The Good is Do-Won (Bounty Hunter, a Korean Dirty Harry), The Bad is Chang-yi (Head Honcho, raving psycho) and The Weird is Tae-Goo (petty thief, murders only if necessary). These three Korean exiles duke it out in a Chinese desert and, if this all sounds a little bizarre, it’s because it is. But as the crazy roller coasts gets more and more out of control, curiosity overwhelms, and it’s impossible not to sit out the ride.
A map is unearthed that shows the exact spot where a cask of treasure is buried. The myth surrounding it is so fabled, the treasure is coveted by the highest (the Japanese army) to the lowest (the Asian desert bandits), with our three heroes sandwiched somewhere in between. Rumors of the treasure spread like Chinese whispers and, as dreams of opulence grow, a frantic blood lust fills the air. The journey to seek out the prize stretches across the vast desert until, finally, the dust settles over our three heroes and they find themselves face to face, with the treasure lying beneath their very feet.

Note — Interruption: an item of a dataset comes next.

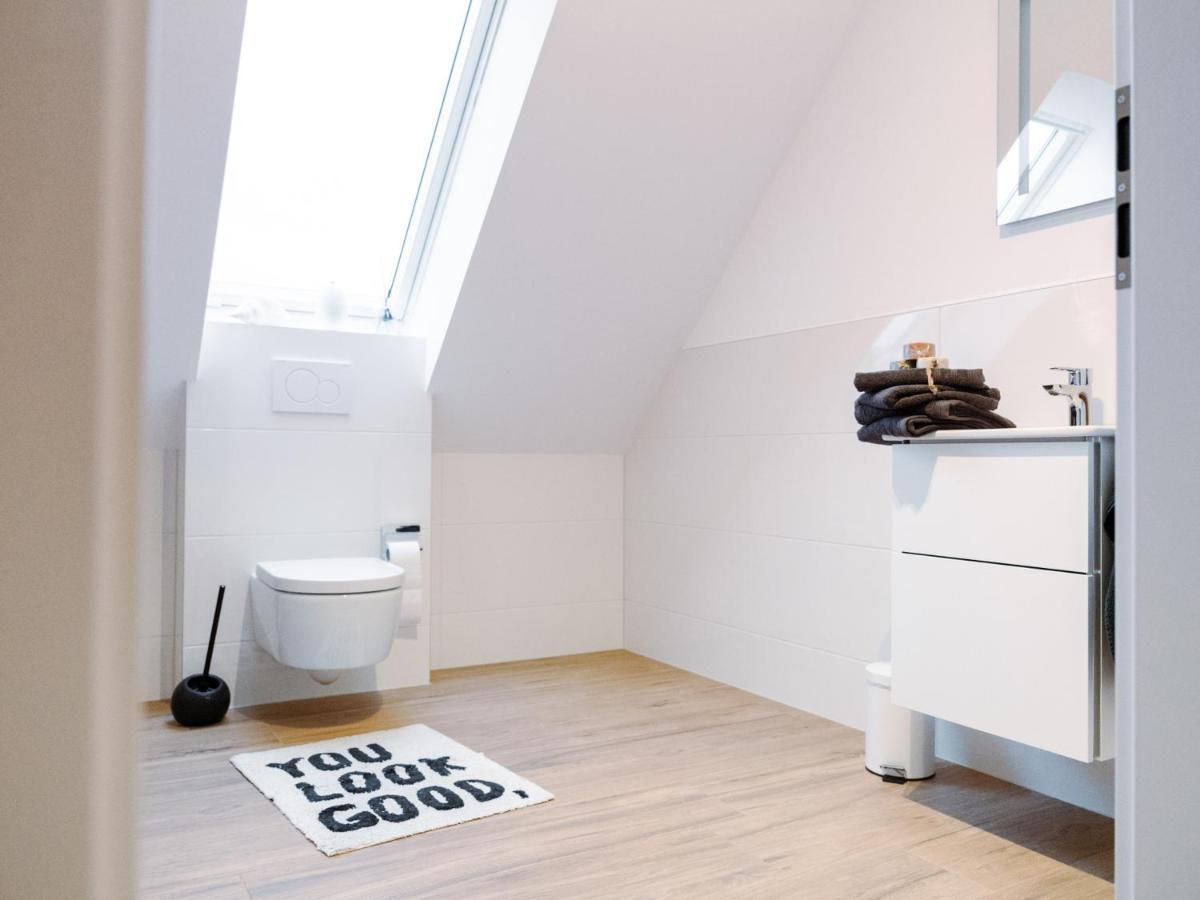 Lio Suite Design Apartment Balkon Terrasse Parken Fur 4 Personen Bad Salzuflen Kültér fotó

The director/writer states that this is a story about three men who engage in a chase across Manchuria and, basically, that’s what it is, but unfortunately the story is filled with so many other warring factions that at times it becomes confusing and, if you don’t know who’s axing who to pieces, who are you supposed to cheer for? With so much going on, we hardly get to know Do-Won and learn little more about Chang-yi, who, psychotic tendencies aside, could be a fun guy to hang out with. He has hair like Prince, always wears a smart three-piece pin-stripe and turns down the offer of a free ride because, “Bandits don’t use tickets to get on trains, they stop them“. How cool is that? The only person we get to know is Tae-Goo, which makes it appear that it’s his story, but this is not the writer’s intent.
The final battle scenes are beautifully depicted and, although there is great momentum, all the extras present a problem of their own and when they disappear in seconds so that our three heroes can be alone. The silence becomes deafening. The filmmakers make a feeble attempt to justify their sudden absence, which doesn’t work and, as the payoff has a couple of great twists, there is an even bigger question why a more succinct story was not told. But there are plenty of funny moments, as long as you can take your humor wrapped in blood and gore, and it’s really worth taking a trip with Harry, Psycho Chang and the guy they call That Weirdo.